**Required action:** Pictures aside, copy exactly each line from the one that holds "Robert Burns (4), Helen" through the last line of the records below.

Recorded data
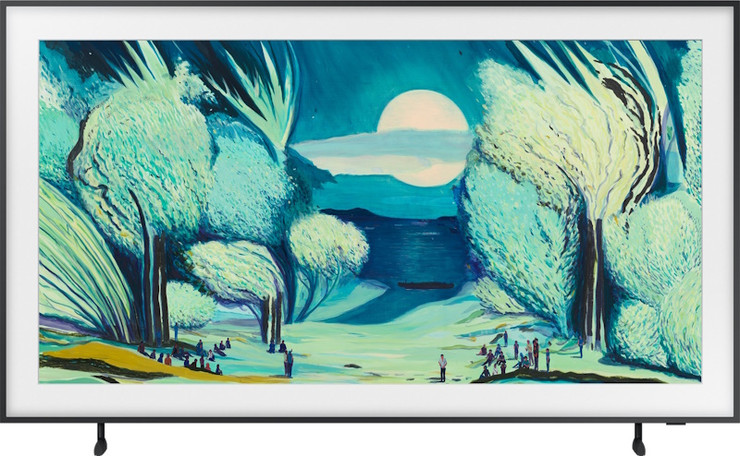 טלוויזיה חכמה 50" QLED 4K ‏Samsung סמסונג The Frame LS03F QE50LS03FAUXIL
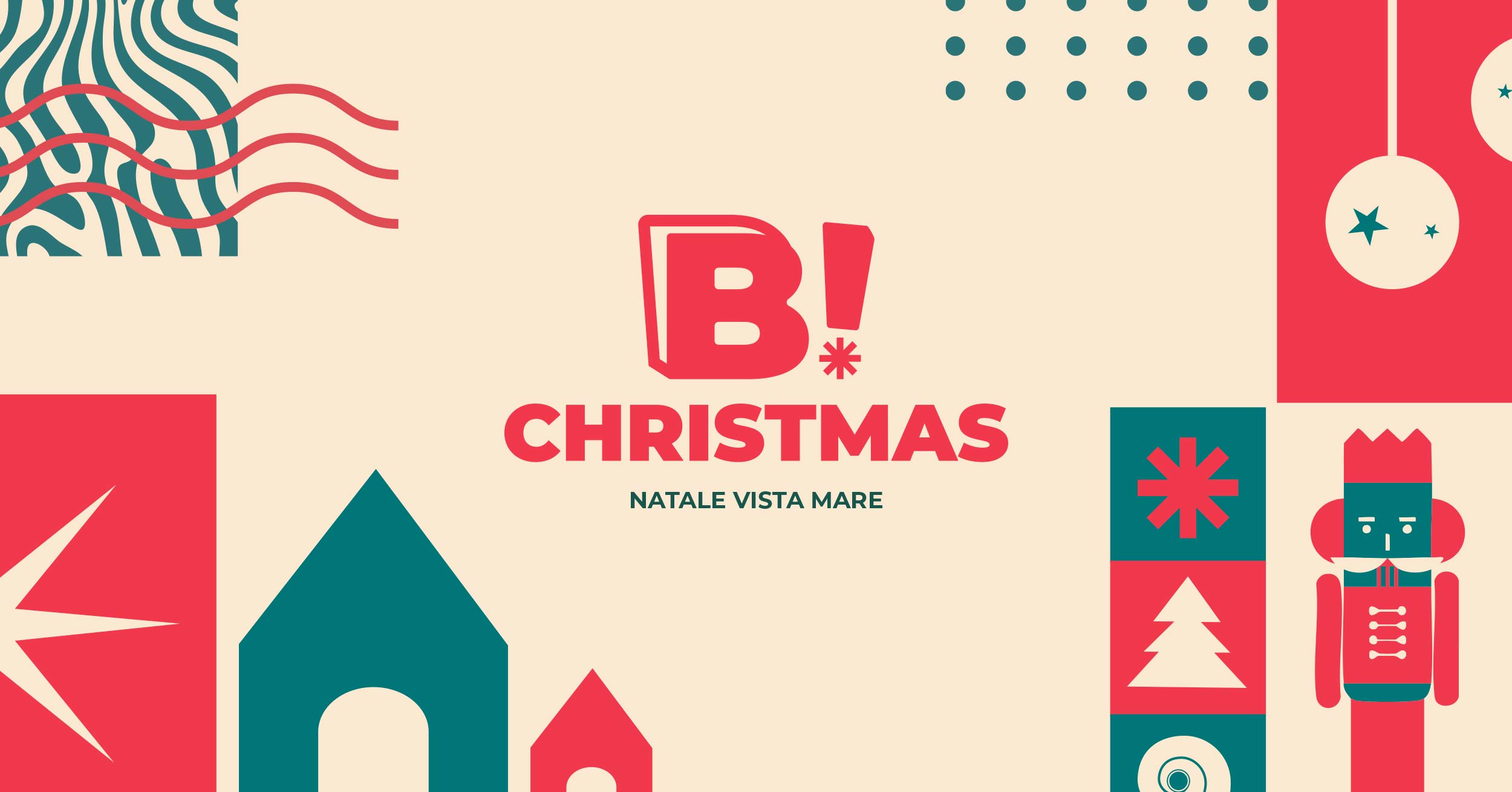 Oficiální grafika BB! Christmas, Natale vista mare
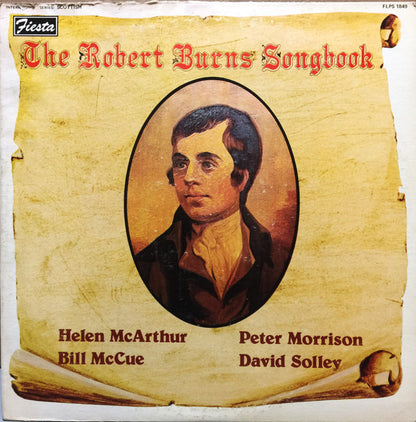 Robert Burns (4), Helen McArthur, Peter Morrison (2), Bill McCue, David Solley : The Robert Burns Songbook (LP)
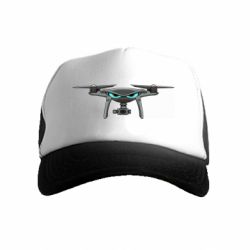 Детские кепки-тракеры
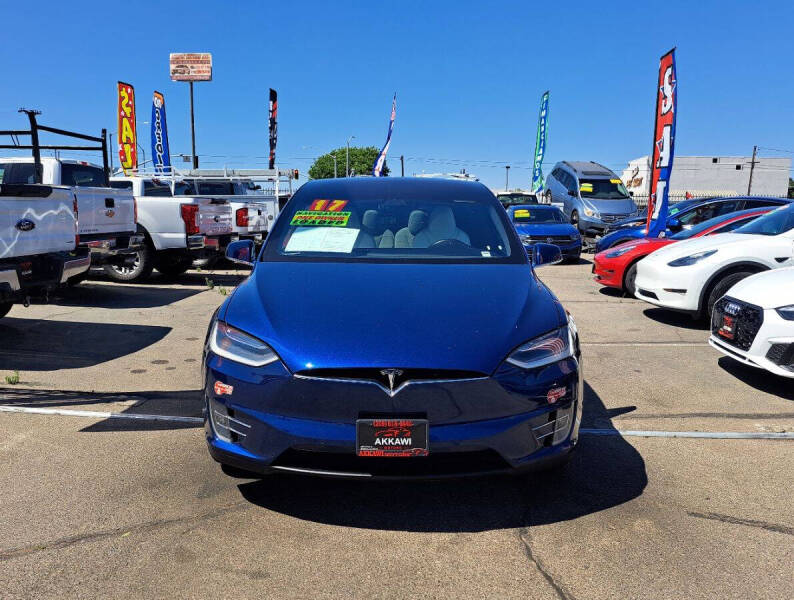 2017 Tesla Model X 100D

**Solved exercise:**
 Robert Burns (4), Helen McArthur, Peter Morrison (2), Bill McCue, David Solley : The Robert Burns Songbook (LP)
 Детские кепки-тракеры
 2017 Tesla Model X 100D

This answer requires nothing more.